Kozy atrakcją turystyczną i ratunkiem dla Jury
Eliza Kwiatkowska2007-08-05, ostatnia aktualizacja 2007-08-05 22:02

Przyroda zyskała niezwykłe wsparcie. Na Górze Zborów bryka 150 młodych kózek. Wyjadając samosiewy, pomagają w odbudowie cennych muraw. Jeśli eksperyment się uda, stada kóz i owiec zobaczymy za rok także m.in. w okolicach Olsztyna i Gór Towarnych.

Kamil Brzozowski, który w sobotę z rodzicami odwiedził Górę Zborów, był kozami zachwycony. To dowód, że zwierzęta mogą być także atrakcją turystyczną
Strome zbocze Góry Zborów od strony wsi Podlesice wygląda jak zwykle. Białe wapienne skałki jeżą się między krzewami i małymi drzewkami. Na pozór bezruch. Pojawia się dwóch mężczyzn, którzy wybrali się na wycieczkę po rezerwacie. Nagle ściana zbocza zaczyna się poruszać. - Ojej, tu są kozy - krzyczy jeden z nich. Są totalnie zaskoczeni, bo zwierzęta wkomponowały się w krajobraz jak kameleony.

150 kóz z hodowli Mariana Garbaciaka pasie się na Górze Zborów już tydzień. Nie przywędrowały z gospodarstwa we Włodowicach, by odpoczywać. Mają konkretne zdanie - pomóc w odbudowie cennych przyrodniczo muraw kserotermicznych, którym zagrażają rosnące samosiewy. To jeden z głównych problemów Jury.
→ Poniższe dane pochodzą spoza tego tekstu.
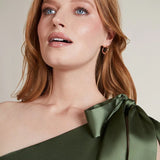 A studio photo of a brunette white woman wearing a body-hugging emerald green satin dress.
- Kozy to takie naturalne kosiarki - opowiada Marcel Ślusarczyk, geograf i koordynator akcji. - Świetnie sobie radzą z samosiewami, po prostu je wyskubując. Nie możemy pozwolić, by Jura zarosła, bo straci swój charakter, a murawy, które lubią słoneczne i ciepłe stanowiska, po prostu znikną. Przez dziesiątki lat nie było tego problemu, bo rozwijało się tu pasterstwo. Zanik tej formy działalności spowodował negatywne zjawiska w naturalnym środowisku. Próbowaliśmy mechanicznie kosić samosiewy, ale nie przyniosło to długotrwałych efektów - po trzech latach wszystko odrosło.

Dlatego właśnie w ubiegłym roku zrodził się pomysł, by eksperymentalnie wpuścić na Górę Zborów stado kóz. Porozumienie w tej sprawie podpisali Zespół Parków Krajobrazowych Województwa Śląskiego, Towarzystwo Miłośników Ziemi Zawierciańskiej, Uniwersytet Śląski, Polski Związek Alpinizmu i Urząd Marszałkowski. Strony postanowiły, że wypas będzie pilotażowym projektem wdrażanego przez województwo śląskie programu "Owca Plus". Jego celem jest ochrona i promocja pasterstwa jako elementu dziedzictwa kulturowego Jury i Beskidów. Rozwój pasterstwa to także szansa na aktywizację gospodarczą regionu - nowe miejsca pracy w hodowli, przetwórstwie i turystyce. Program od dwóch lat sprawdza się już w województwie małopolskim.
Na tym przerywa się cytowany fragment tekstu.